J’ai découvert ce tour de passe-passe dans Bouche à Oreilles, la chronique cinéma de France2, le vendredi soir avant Pivot. Bouche à Oreilles donc, ou comment élever la critique à un niveau quasi inédit à la télévision. Exemple : "seule petite réserve (on notera la radicalité des propos petite réserve) pour la fin du film (Les Rivières Pourpres de Mathieu Kassovitz) qui vous tombe dessus, laissant le spectateur médusé face au générique. " J’exulte littéralement lorsque la présentatrice m’assure que je ferai " partie des invités " en voyant La Noce de Pavel Lounguine. Oui, mais non. Merci. Ce que j’en vois dans la bande annonce me suffit amplement. Un regard sentimentalo-complaisant-pas-très-élégant sur une beauferie slave (autant dire exotique) à la limite de la vulgarité. Je vois mal comment le film de Lounguine peut éviter de faire basculer dans le trivial, le sordide ou le lourdaud un moment que l’on espère tous splendide. La Noce, la nausée.
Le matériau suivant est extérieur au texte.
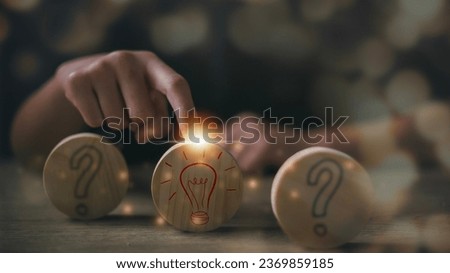 Women touching light bulbs on wood. The process of problem-solving or idea formation. Question mark and light bulb icons. idea concepts.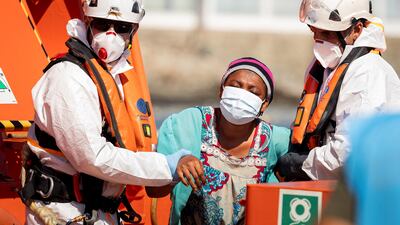 Sea Rescue workers help a migrant on her arrival at Arguineguin harbour, Gran Canaria, Canary Islands, Spain, on Tuesday. Photo: EPA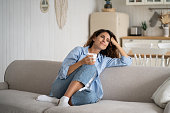 Young happy relaxed woman sitting on sofa enjoying quiet moments at home with cup of tea or coffee
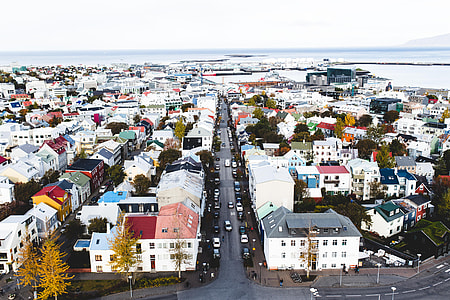 aerial photography of houses surrounded with water thumbnail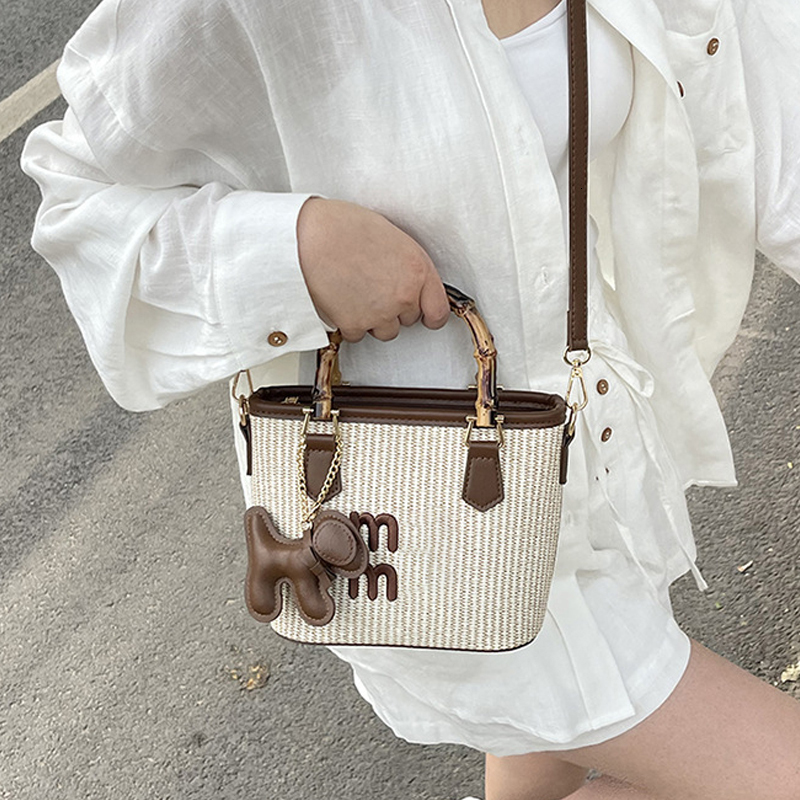 Free shipping 2025 designer bag new spring basket bag fashion contrast straw woven bag bamboo vegetable Bucket Bag Handbag single shoulder bag straddl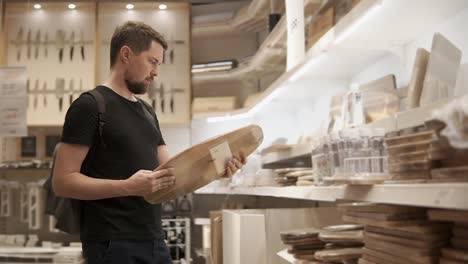 man shopping for cutting boards at furniture store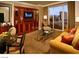 Cozy living room with comfortable seating and views of the city skyline at 135 E Harmon Ave # 307, Las Vegas, NV 89109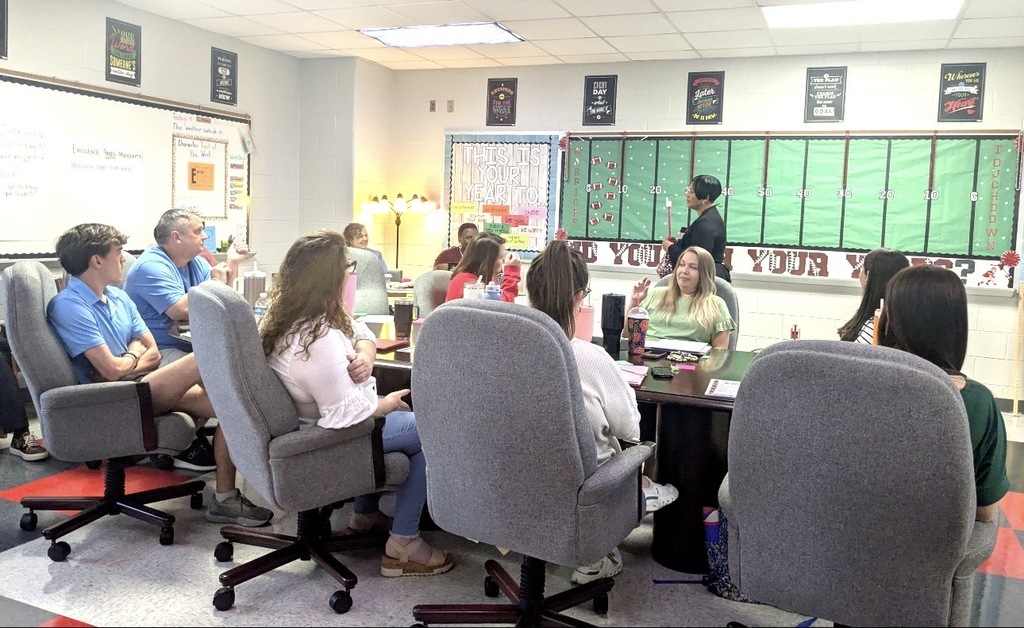 A woman instructing other educators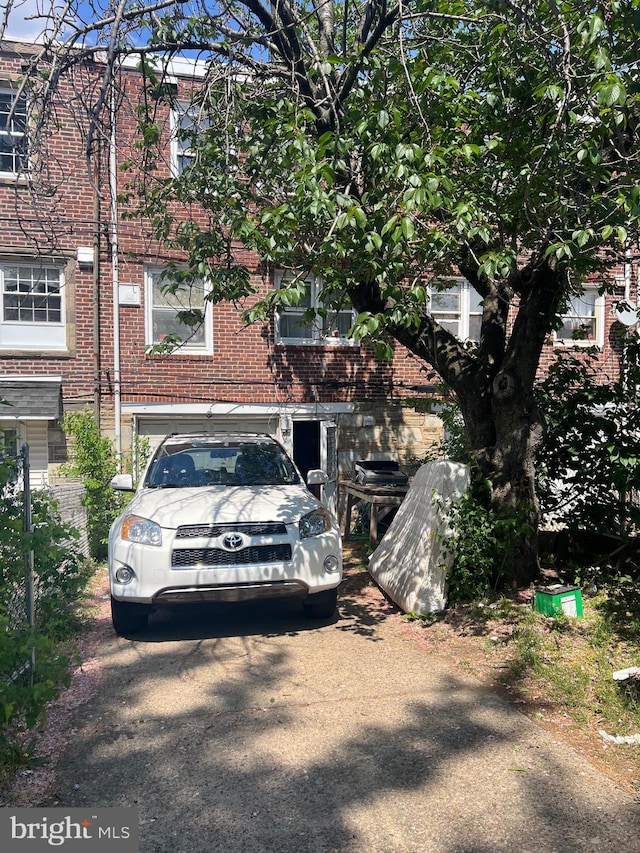 2818 Hellerman St, Philadelphia, PA 19149 - view of front facade featuring brick siding and driveway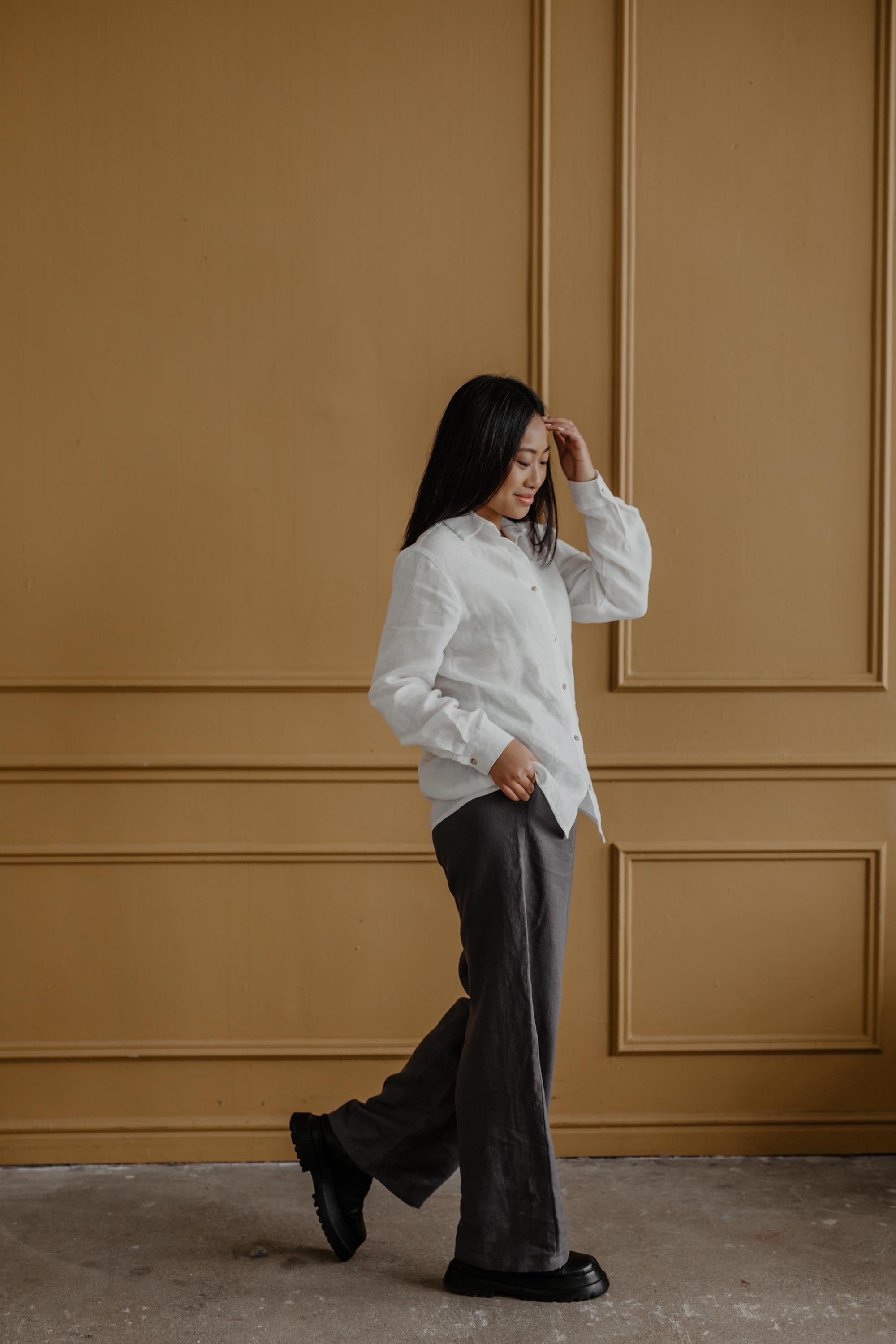 Woman Stepping Wearing a White Classic Linen Shirt By AmourLinen
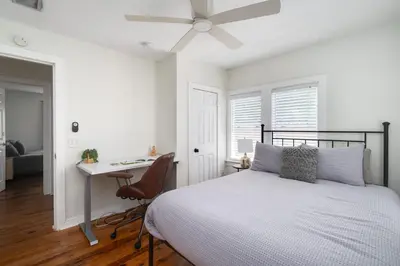 a bedroom with a bed and a desk and a ceiling fan at Winter Park Gem 2BR Near Parks 3MI to Downtown in Orlando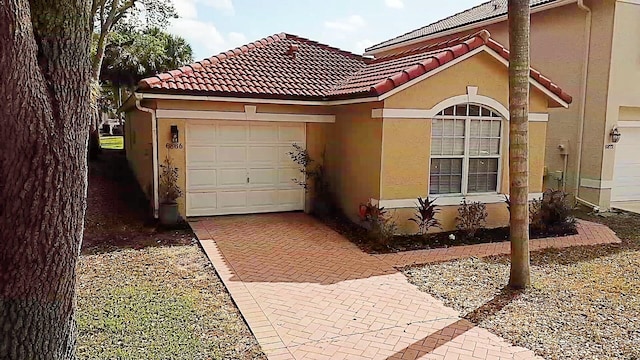 view of front of home featuring an attached garage, a tiled roof, decorative driveway, and stucco siding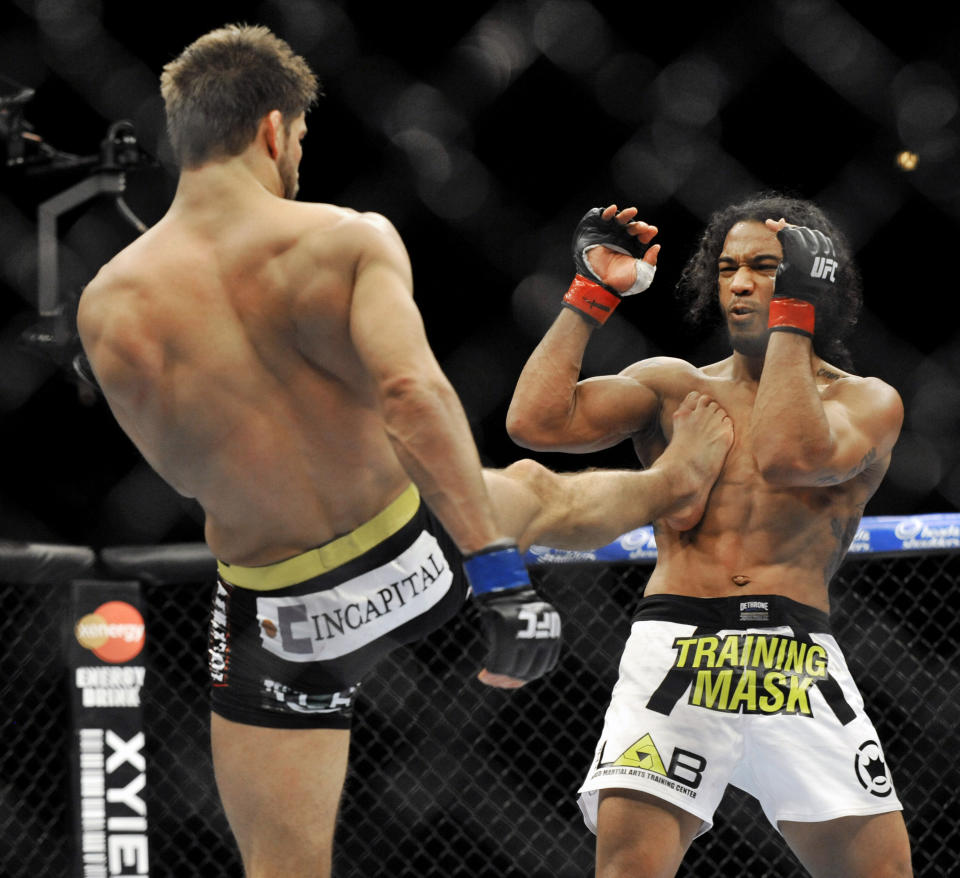 Josh Thomson, left, kicks Benson Henderson, right, during the main event of the UFC mixed martial arts event in Chicago, Saturday, Jan., 25, 2014. (AP Photo/Paul Beaty)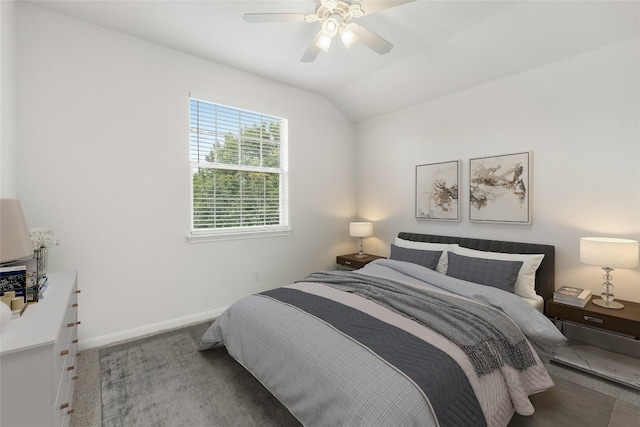 carpeted bedroom with ceiling fan and lofted ceiling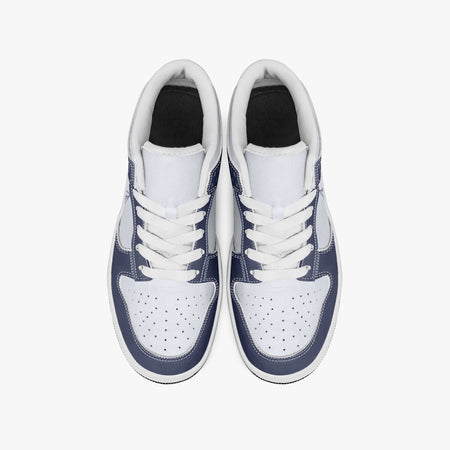 Overhead view of navy blue and white sneakers showing clean white laces, white padded collar lining, and perforated white leather toe boxes.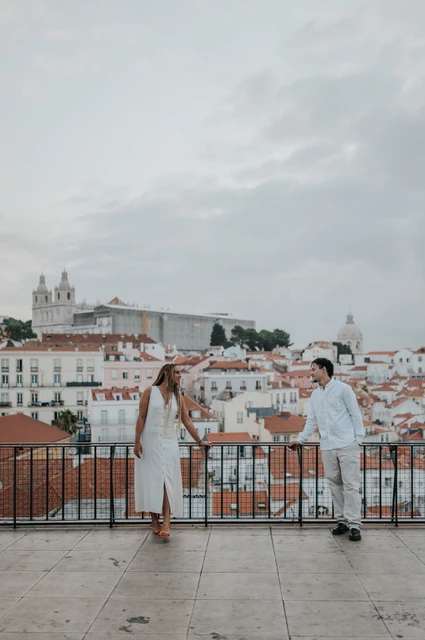 Hand in hand above Lisbon’s rooftops | Lisbon couple photoshoot The couple holding hands beside the viewpoint railing with Lisbon’s rooftops behind them during their couple photoshoot in Lisbon.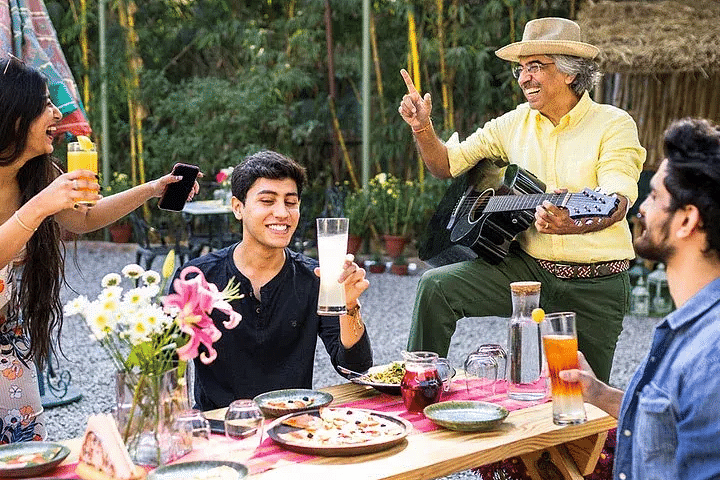 Guests sitting at an outdoor table having food and drinks at Karma Chalets.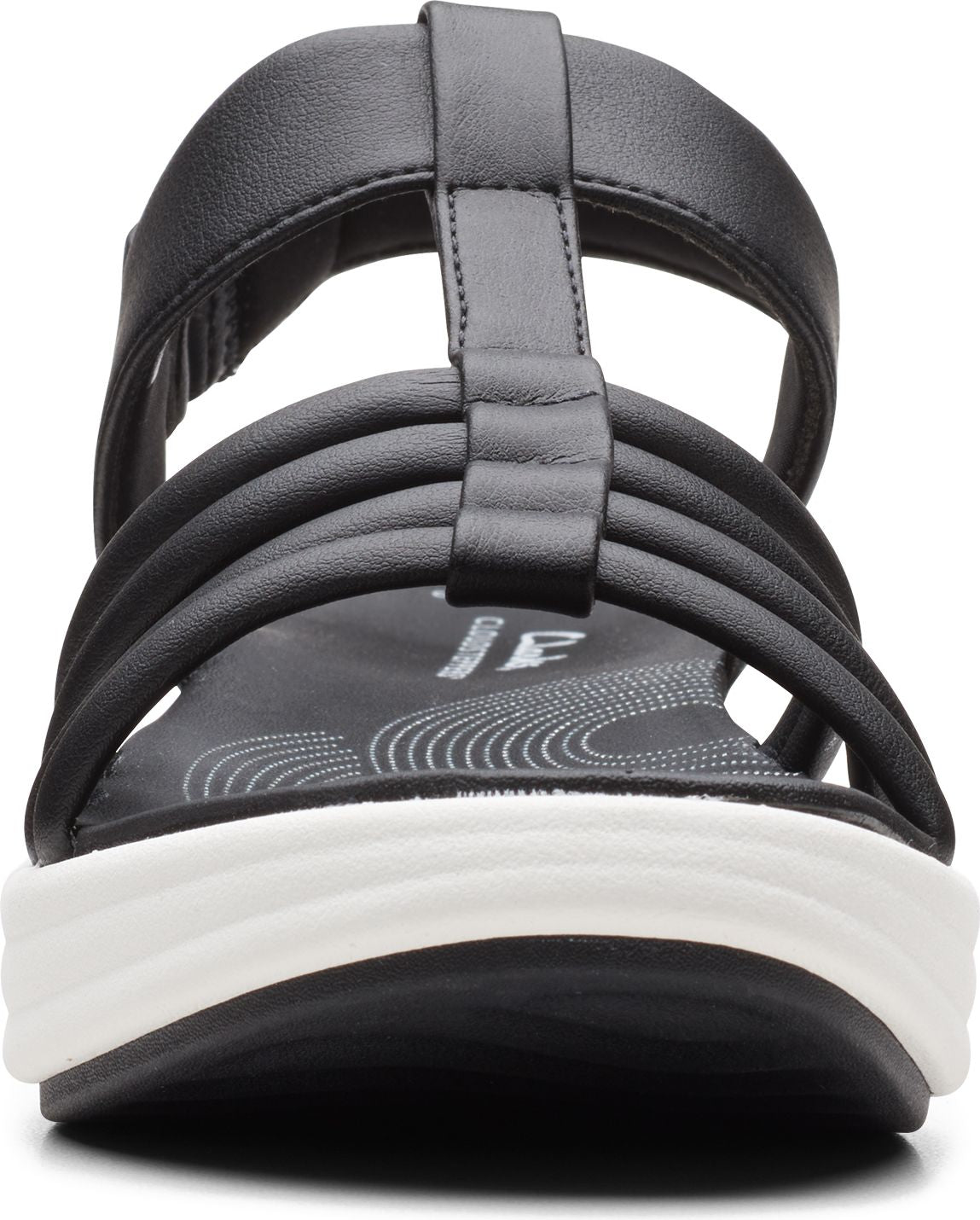Black t-strap sandal with layered straps and a white wedge sole.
Mais revenons à nos moutons. A d’autres sourires. Les sourires francs, parfois fuyants ou effacés des jeunes gens de Virgin Suicides. La bande-annonce est une infiltration. Elle pénètre, envoûte. J’étais Ulysse hypnotisé par le chant des sirènes.

Il y a ce climat assez trouble, souvent. Et puis très ordinaire, si ce n’est les filtres. Et léger, une évanescence. Partielle seulement ; oui, c’est un venin. Mais j’étais prévenu :  Virgin Suicides. Vierges. Suicides. Il y a un mystère, une opacité presque une douleur dans ce rapprochement.

Il y a ces jeunes gens, visiblement comme des jeunes gens. Et puis, il y a James Woods et Kathlyn Turner. Non. Il y a écrit James Woods, Kathlyn Turner et visiblement c’est quelqu’un d’autre. Ouh, ce qu’ils ont l’air vénéneux… Il y a du doute, de l’incompréhension presque un secret entre ces gens.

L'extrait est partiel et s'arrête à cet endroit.